Yo no pensaba morir en Polonuevo, pero allí me casé de nuevo. Nada más simbólico para la novedosa vida que había comenzado. Continuar viviendo momentos significativos fue la evidencia de haber derrotado la sensación de no pertenencia que me agobió los meses iniciales, en especial en aquel primer domicilio. En Polonuevo todavía vive la familia que nos adoptó como propios (quienes nos alquilaron la segunda casa), más cercanos aún que muchos familiares lejanos con los que nada me une. Mi imaginación vuelve y revive sensaciones –en sueños y pensamientos– de seguridad, familiaridad y cariño. Calor de hogar. La emigración también nos deja eso.
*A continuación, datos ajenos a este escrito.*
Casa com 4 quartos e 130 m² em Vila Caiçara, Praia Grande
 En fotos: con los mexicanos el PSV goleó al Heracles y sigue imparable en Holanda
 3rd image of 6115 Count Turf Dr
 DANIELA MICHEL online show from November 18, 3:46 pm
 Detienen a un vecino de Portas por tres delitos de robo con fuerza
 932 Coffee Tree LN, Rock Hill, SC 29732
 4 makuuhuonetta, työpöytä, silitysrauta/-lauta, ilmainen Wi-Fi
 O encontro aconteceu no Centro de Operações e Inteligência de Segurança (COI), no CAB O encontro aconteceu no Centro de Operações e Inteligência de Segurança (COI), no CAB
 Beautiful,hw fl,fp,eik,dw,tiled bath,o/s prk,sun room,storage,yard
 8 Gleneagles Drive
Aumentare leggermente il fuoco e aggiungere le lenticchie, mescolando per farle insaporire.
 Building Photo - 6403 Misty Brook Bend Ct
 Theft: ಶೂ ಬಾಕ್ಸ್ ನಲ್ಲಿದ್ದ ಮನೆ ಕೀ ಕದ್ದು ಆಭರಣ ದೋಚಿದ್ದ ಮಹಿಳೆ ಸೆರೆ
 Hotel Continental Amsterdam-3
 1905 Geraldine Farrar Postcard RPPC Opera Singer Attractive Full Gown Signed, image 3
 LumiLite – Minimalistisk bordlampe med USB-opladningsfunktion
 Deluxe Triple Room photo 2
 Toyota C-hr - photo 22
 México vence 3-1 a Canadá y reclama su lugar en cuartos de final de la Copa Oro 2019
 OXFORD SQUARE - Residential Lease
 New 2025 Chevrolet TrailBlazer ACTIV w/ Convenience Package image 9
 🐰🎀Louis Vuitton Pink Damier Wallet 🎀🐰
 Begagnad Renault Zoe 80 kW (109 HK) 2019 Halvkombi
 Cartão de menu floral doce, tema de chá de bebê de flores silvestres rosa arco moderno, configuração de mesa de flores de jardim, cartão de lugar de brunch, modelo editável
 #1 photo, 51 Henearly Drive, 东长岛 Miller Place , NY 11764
La segunda casa que he habitado –que aún habito– es esta desde donde escribo, donde nació mi hijo. Otro símbolo de la nueva etapa. Esta casa se ha transformado en un hogar a partir de él. Siempre será su primer hogar, aunque su padre y yo no nos sintamos por completo en casa. Añoramos volver y eso me hace pensar en las dimensiones del hogar. Yo soy un hogar para mi hijo. Desde que nació añoro menos mi casa, aunque no deje de sentir nostalgia. Mi casa, mi madre y mis libros. Ahora: mi esposo, mi hijo y el hogar que construimos para él cada día. ¿Cuántas casas tendrá mi hijo? Esta es la primera, pero sé que no será la única. El hogar será donde estemos juntos de ahora en adelante. Esta casa es su primera memoria. Vuelvo al recuerdo de todas las mudanzas de mi niñez. La casa que consideraba definitiva dejó de serlo cuando emigré. Él nació en Colombia y yo añoro llevarlo a Venezuela. ¿Se sentirá entonces un extranjero?